Source: Source: WSJ | Published on January 26, 2010

Neil Barofsky, the special inspector general for the $700 billion Troubled Asset Relief Program, plans to tell a U.S. House panel Wednesday that he is investigating whether there was any "misconduct relating to the disclosure or lack thereof" surrounding the deals, in which banks who had traded with the giant insurer got paid in full on $62 billion in bets on soured mortgage securities.

Mr. Barofsky said he is also reviewing the Federal Reserve's cooperation with his office. Issues raised in recent weeks "call into question whether the government has been and is being as transparent as possible with the American people," he said in prepared remarks for a Wednesday hearing before the House Committee on Oversight and Government Reform.

The probe is likely to ratchet up the heat on the Federal Reserve, which lately has been under some of the most intense scrutiny from Congress it has ever faced. Chairman Ben Bernanke is the focus of a heated debate in the U.S. Senate over whether he should be confirmed to serve a second term as head of the central bank.

The Fed's New York office has been a main overseer of the U.S. bailout of AIG. Wednesday's hearing will include testimony from Treasury Secretary Timothy Geithner and the top lawyer from the Federal Reserve Bank of New York, which Mr. Geithner headed when AIG was first rescued.

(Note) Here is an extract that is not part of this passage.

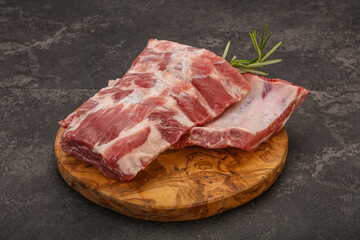 Raw pork ribs served rosemary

Panel Republicans, in a memo prepared for the hearing and distributed Monday, said Mr. Geithner "needs to explain his role" in the November 2008 negotiations between the government and AIG to help stabilize the insurer by paying off its counterparties at 100 cents on the dollar.

A Federal Reserve spokeswoman said Mr. Bernanke last week invited a top-to-bottom review of AIG-related matters by a congressional watchdog group, offering to make all resources available. The New York Fed on Monday night said that it "has fully cooperated with the Special Inspector General for TARP and will continue to do so."

Among the issues that have emerged in recent weeks and months are why the Fed resisted releasing the names of AIG's trading partners and why it was reluctant to acknowledge that they received 100 cents on the dollar when they agreed to tear up their contracts with AIG.

The Republican memo cites a New York Fed employee's email from March of last year acknowledging the names of AIG's trading partners would likely come out. "There were too many people involved in the deals—too many counterparties, too many lawyers and advisors, too many people from AIG—to keep a determined Congress from the information," James Bergin emailed.

The Treasury Department has said Mr. Geithner wasn't involved in the discussions over whether AIG should publicly disclose the names of its trading partners, which included Goldman Sachs Group Inc. among others. Thomas Baxter, general counsel for the New York Fed, told congressional investigators that the discussions didn't reach the level of Mr. Geithner.

New documents reviewed by The Wall Street Journal further suggest that New York Fed officials were reluctant to disclose in writing that AIG's counterparties were being paid off at 100%.

In November 2008, a Fed official urged deleting a reference to the 100% payouts from a request for proposals being sent to service providers. The RFP was for the so-called Maiden Lane III structure, formed to facilitate the New York Fed's financial assistance to AIG.

A draft of the RFP said that "As consideration for the transactions, the counterparties will be paid aggregate consideration equal to the total notional exposure ..." But an email from a New York Fed official, Alejandro LaTorre, says: "Let's eliminate the second sentence that starts with 'As consideration....' As a matter of course, we do not want to disclose that the concession is at par unless absolutely necessary. In this case, not sure it is necessary because this has nothing really to do with the ML III structure." The sentence was subsequently deleted from the draft RFP, according to documents. Rep. Darrell Issa of California, the committee's top Republican, criticized the deletion as "secretive."

A Fed spokeswoman pointed to an earlier comment in which the Fed denied that it encouraged AIG to withhold information, and said that the 100% payouts to AIG's counterparties were "widely understood at the time." The RFP was intended for a limited number of potential service providers, and the amounts paid to counterparties were not relevant for those bidding to provide services, according to the New York Fed.